Sementara Philip mencari-cari kejujuran di ucapan Morgan.

Hal gila apa yang sudah dilakukannya, kalau sampai membiarkan Samira menikah dengan pria ini. Namun, hatinya terasa sakit setiap mendengar aduan dari Silva tentang putrinya itu.

Apalagi mendengar tangisan kecewa Samira atas semua perlakuan Lala selama ini.

“Usia kamu berapa, Morgan?” tanya Philip.

“Saya 25 tahun, Pi.”

Dahi Philip mengkerut seperti memikirkan sesuatu yang rumit. Sesaat menghela napas berat.

“Sekarang kalian bisa berpacaran dulu. Tapi secepatnya kamu memikirkan ke pernikahan kalian, Morgan!”

Samira mendongak, tidak percaya akhirnya mendengar itu dari Philip. Jadi, Morgan tidak perlu berlama-lama lagi di sana dan iapun sudah terbebas sekarang.

Namun, baru saja Samira hendak menghela napas lega, terdengar celetukan pedas Lala.

"Jangan percaya, pria ini hanya tidak ingin kehilangan kekayaan Samira, kakak ipar!" seru Lala yang langsung memanas dengan keputusan Philip itu, sampai-sampai berani menyela.

Kemudian menggeser pandangan sinisnya ke Morgan.

"Samira memiliki kedudukan bagus di kantornya dan dia cuma seorang bawahan! Siapa pria yang mau menolaknya, alih-alih pegawai magang, kakak ipar Philip?"

Philip yang beranjak dari kursinya bersiap pulang, kembali duduk. Menggeser pandangan dan menumpulkan tatapannya di wajah mantan adik iparnya itu.

"Kamu yang selalu bilang, jika tidak ada pria yang mau dengan putriku, Lala Firdaus!" kata Philip menyebut nama lengkapnya tanpa emosi.

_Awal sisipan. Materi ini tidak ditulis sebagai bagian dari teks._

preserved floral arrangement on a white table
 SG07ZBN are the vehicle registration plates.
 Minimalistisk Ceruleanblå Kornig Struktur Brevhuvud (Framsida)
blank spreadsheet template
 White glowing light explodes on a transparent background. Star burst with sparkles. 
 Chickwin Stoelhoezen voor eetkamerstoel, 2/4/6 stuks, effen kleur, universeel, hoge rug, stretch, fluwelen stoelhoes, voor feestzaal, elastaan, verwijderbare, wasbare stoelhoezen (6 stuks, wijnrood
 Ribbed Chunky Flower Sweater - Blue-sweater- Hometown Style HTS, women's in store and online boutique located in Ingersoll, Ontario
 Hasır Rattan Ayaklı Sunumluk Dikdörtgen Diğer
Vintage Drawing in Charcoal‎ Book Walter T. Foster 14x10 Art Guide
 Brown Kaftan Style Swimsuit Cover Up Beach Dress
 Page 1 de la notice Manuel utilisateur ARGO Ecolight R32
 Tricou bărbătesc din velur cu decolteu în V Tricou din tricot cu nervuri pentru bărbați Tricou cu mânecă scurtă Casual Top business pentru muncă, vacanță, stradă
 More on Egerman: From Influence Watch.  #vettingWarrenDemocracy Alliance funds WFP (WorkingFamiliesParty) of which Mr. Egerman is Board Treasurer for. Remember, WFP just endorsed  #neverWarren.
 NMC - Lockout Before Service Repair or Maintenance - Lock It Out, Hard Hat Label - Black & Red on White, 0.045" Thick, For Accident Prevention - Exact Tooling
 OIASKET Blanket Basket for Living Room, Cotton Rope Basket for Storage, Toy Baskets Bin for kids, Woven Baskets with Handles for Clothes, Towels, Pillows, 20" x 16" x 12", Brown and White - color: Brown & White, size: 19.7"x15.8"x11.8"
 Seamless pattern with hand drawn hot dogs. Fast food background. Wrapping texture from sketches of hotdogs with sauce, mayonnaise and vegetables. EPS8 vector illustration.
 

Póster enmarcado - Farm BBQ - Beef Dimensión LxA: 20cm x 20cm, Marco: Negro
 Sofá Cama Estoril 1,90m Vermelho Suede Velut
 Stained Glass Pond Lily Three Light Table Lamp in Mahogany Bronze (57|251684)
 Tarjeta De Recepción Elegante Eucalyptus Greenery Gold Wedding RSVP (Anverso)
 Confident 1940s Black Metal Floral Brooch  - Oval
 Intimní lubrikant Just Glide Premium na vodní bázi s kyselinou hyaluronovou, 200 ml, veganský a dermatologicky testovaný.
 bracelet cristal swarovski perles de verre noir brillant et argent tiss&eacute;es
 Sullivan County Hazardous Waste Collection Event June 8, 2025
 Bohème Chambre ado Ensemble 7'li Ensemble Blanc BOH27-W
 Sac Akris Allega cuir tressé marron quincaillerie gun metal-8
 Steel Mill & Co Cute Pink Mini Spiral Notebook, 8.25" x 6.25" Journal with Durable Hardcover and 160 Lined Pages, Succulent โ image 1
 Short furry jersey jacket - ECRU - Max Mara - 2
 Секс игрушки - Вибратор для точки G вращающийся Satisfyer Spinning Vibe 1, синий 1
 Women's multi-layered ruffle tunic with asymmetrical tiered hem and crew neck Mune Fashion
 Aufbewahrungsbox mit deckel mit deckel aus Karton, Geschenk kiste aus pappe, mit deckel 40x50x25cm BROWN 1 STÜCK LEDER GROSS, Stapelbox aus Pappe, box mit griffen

"Kenapa sekarang setelah Samira membawa kekasihnya, kamu melupakan ucapanmu itu?" Philip mengalihkan pandangannya ke Silva yang terdiam bisu.

Sempat gelisah, tapi mendengar pembelaan Philip atas dirinya, Samira lebih percaya diri dan tenang.

"Kapan kamu siap menikahi Samira, bawa Samira menemui saya, Morgan!" tegas Philip mengalihkan pandangannya ke pria tampan di depannya.

Samira kaget saat Morgan meraih cepat tangannya dan menggenggamnya sangat erat. Seakan-akan menunjukkan kesungguhannya kepada Philip dengan menjawab, "Secepatnya aku akan menemui anda!"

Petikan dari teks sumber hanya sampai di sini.